Other contra-indications for new [ef]?grep:

	Monster patterns

     The amazing expressions output by /usr/lib/calendar still beg for
the lazy evaluation technique rolled into edition 8 egrep by Prof. Aho of
Princeton.  Hinted at on p. 105 in Kernighan & Pike, lazy evaluation reduces
standard egrep r.e. compile time.  Here the possible O(R**2) machine
construction cost is eliminated to amortize complexity at run-time and 
shifted to such only if a bad match actually happens.  Whew!  Fortunately,
this is not so important for simple r.e. fare, where H. Spencer's regexp()
works well, but it certainly helps calendar(1).

     The catch with lazy eval. is that it slows down simple matching (15-20%
for /usr/dict/words on VAX), so it hasn't been adopted by System V egrep.
Note that our egrep, deferring to the underlying one in /usr/bin, doesn't
care much about these hideous beasts -- it just doesn't do better on them.
However, [ef]?grep does well by the Kadhafi matcher (eg.shell, again).

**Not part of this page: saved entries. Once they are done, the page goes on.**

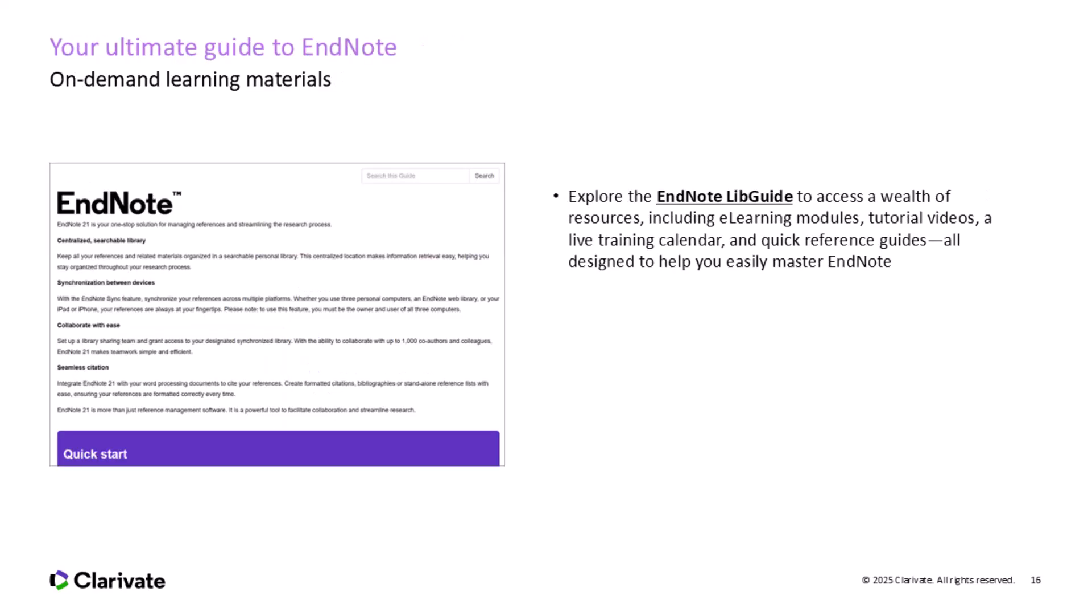As we wrap up, I want to highlight an incredible resource, the EndNote LibGuide. This page is your ultimate guide for mastering EndNote, whether you're just starting or looking to take your skills to the next level. Inside the LibGuide, you'll find on-demand learning materials, including tutorial videos, a live training calendar, and quick reference guides designed to help you make the most out of EndNote. It's a fantastic way to continue your learning at your own pace. You can access the EndNote LibGuide anytime to dive deeper into specific features or revisit topics discussed today. And if you're looking for even more interactive help, check out our training portal for upcoming live sessions.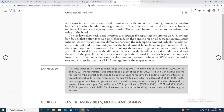Carl buys Series U.S. savings bonds for $500 during 2021. The face value of the bond is $1,000. At the end of 2021, the redemption value is $520. At the end of 2022, it is $543. Carl has two options. He can wait until he redeems the bond to report the interest. If Carl waits to redeem the bond at its $1,000 face value, he will report $500 — that's $1,000 minus $500 base price — as interest income in the redemption year.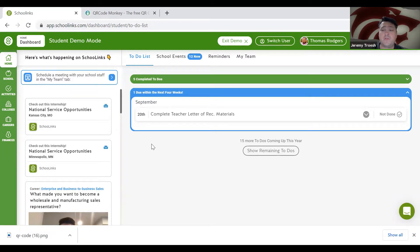Remember, there is a $20 flat fee for transcripts. That $20 buys you all the transcripts you want to send.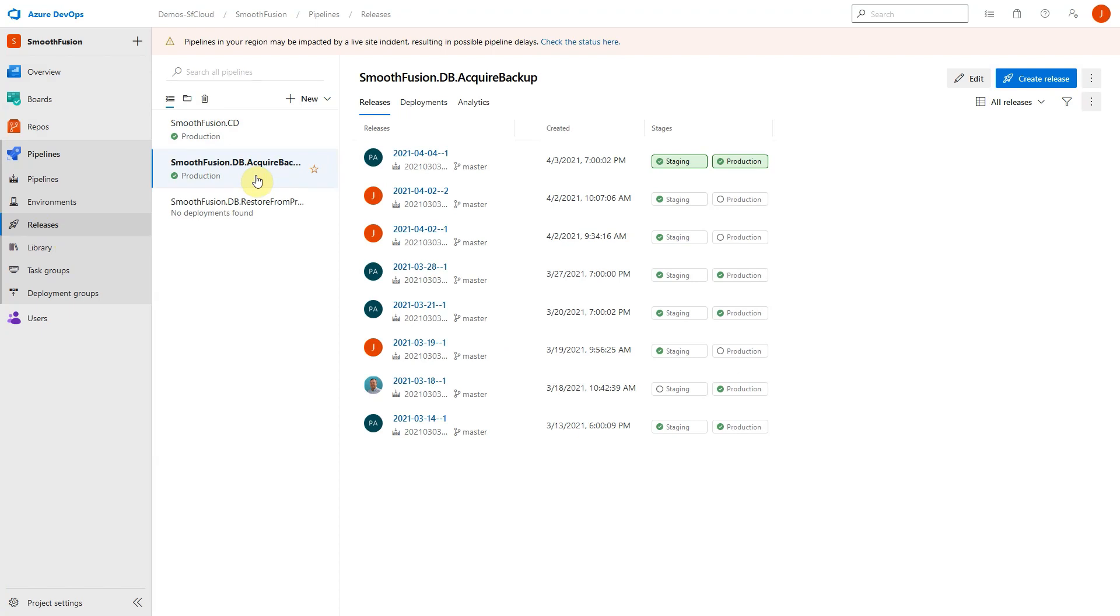Because the Azure tenant is managed by the Progress Sitefinity Cloud team, customers don't have direct access to the database in Azure. Automated backups are created weekly, but if you need to create a database backup on demand, you can view the DB Acquire Backup pipeline and create a release for it manually.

	Long lines, small alphabets

     Finally, a comment on one rapidly burgeoning application area
where new egrep should not be blindly proscribed -- genome sequencing.
Though line limits have been raised (to 8192 byte buffers), much of
GENBANK has no newlines.  The code would need modification for scanning
freestyle.  Also, locating ACGT sequences with the current "superimposed BMG"
over a 4-letter alphabet might actually be worse, but the global homology
crowd probably uses a >20 letter protein alphabet (for other reasons).
At any rate, genetic string search generally relies on more sophisticated
methods such as dynamic programming ala Sankoff/Kruskal.

     On the other hand, large alphabets such as Kanji probably help
performance.  As do parallel transfer disks, MACH file mapping, ...
Your suggestions welcome.

     James A. Woods (ames!jaw)
     NASA Ames Research Center

P.S.  Preserving author credit, [ef]?grep may be redistributed as you wish.